TASK BRIEF: Could you output each line below exactly as it appears, excluding any pictures?

#####

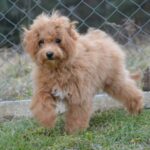 Bella-female-cavapoo-puppy-for-sale- (3)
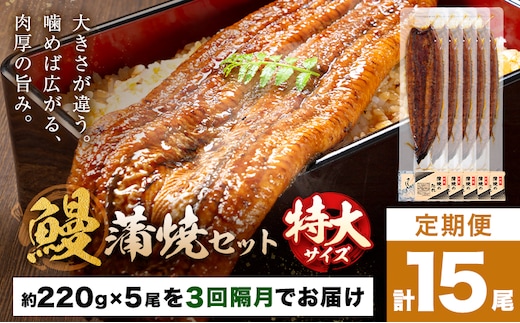 ＼特大サイズ／ 鹿児島県産 鰻蒲焼真空セット！ 5尾 隔月3回定期便 タレ・山椒付！ 株式会社薩摩川内鰻 《お申込みの翌月出荷》鹿児島県 さつま町 ウナギ 丑の日 うなぎ 刻み グルメ 特大 鰻 蒲焼 真空---stm-ung-18-ev2mo3---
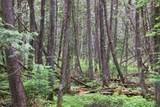  Bogus Road - Photo 78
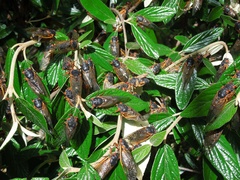 Magicicada septendecim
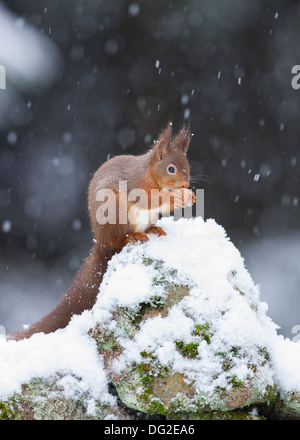 Red scoiattolo (Sciurus vulgaris) sat in posa di caduta di neve asciutta sul muro di pietra nel bosco . Yorkshire Dales, North Yorkshire, Regno Unito Foto Stock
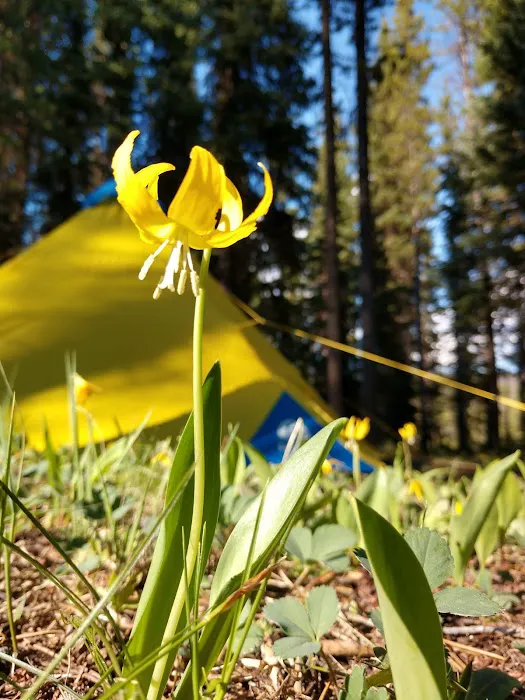 Burgdorf Campground Picture 4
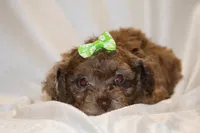 0 cdpa CHOC MERLE BLUE EYES, a female Poodle - Toy  for sale in Memphis, TN – Photo 1 of 10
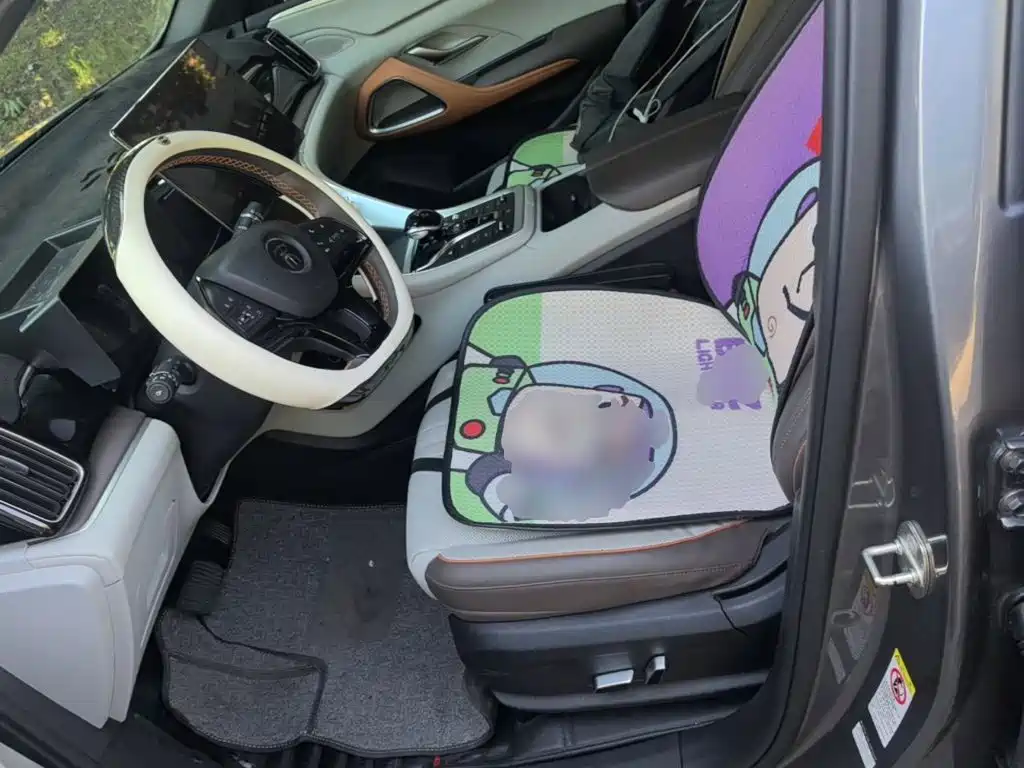 BYD Pro New Energy — миниатюра 15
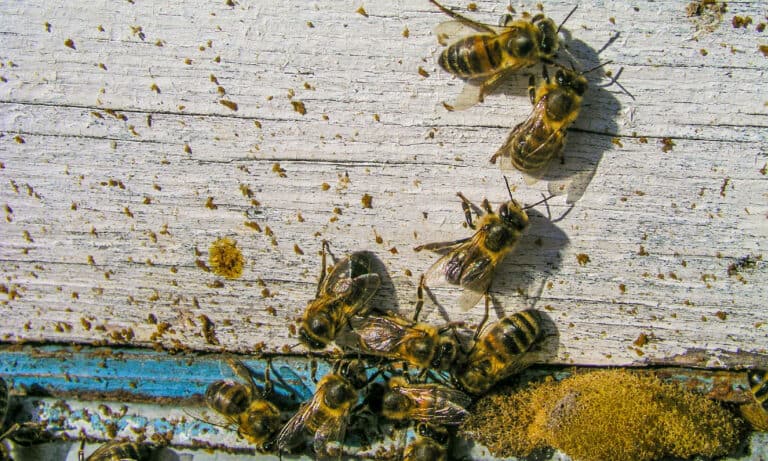 Do Bees Poop? - A-Z Animals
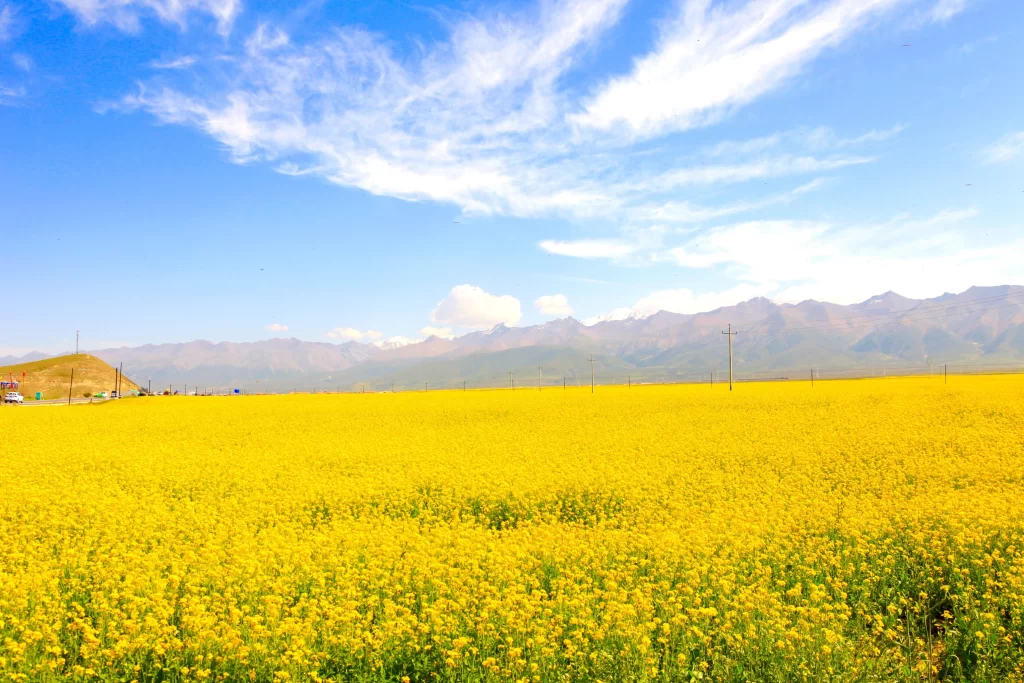 Yellow Rapeseed Flower Field Sky warm Mountain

#####

RESPONSE BELOW:
 Bella-female-cavapoo-puppy-for-sale- (3)
 ＼特大サイズ／ 鹿児島県産 鰻蒲焼真空セット！ 5尾 隔月3回定期便 タレ・山椒付！ 株式会社薩摩川内鰻 《お申込みの翌月出荷》鹿児島県 さつま町 ウナギ 丑の日 うなぎ 刻み グルメ 特大 鰻 蒲焼 真空---stm-ung-18-ev2mo3---
  Bogus Road - Photo 78
 Magicicada septendecim
 Red scoiattolo (Sciurus vulgaris) sat in posa di caduta di neve asciutta sul muro di pietra nel bosco . Yorkshire Dales, North Yorkshire, Regno Unito Foto Stock
 Burgdorf Campground Picture 4
 0 cdpa CHOC MERLE BLUE EYES, a female Poodle - Toy  for sale in Memphis, TN – Photo 1 of 10
 BYD Pro New Energy — миниатюра 15
 Do Bees Poop? - A-Z Animals
 Yellow Rapeseed Flower Field Sky warm Mountain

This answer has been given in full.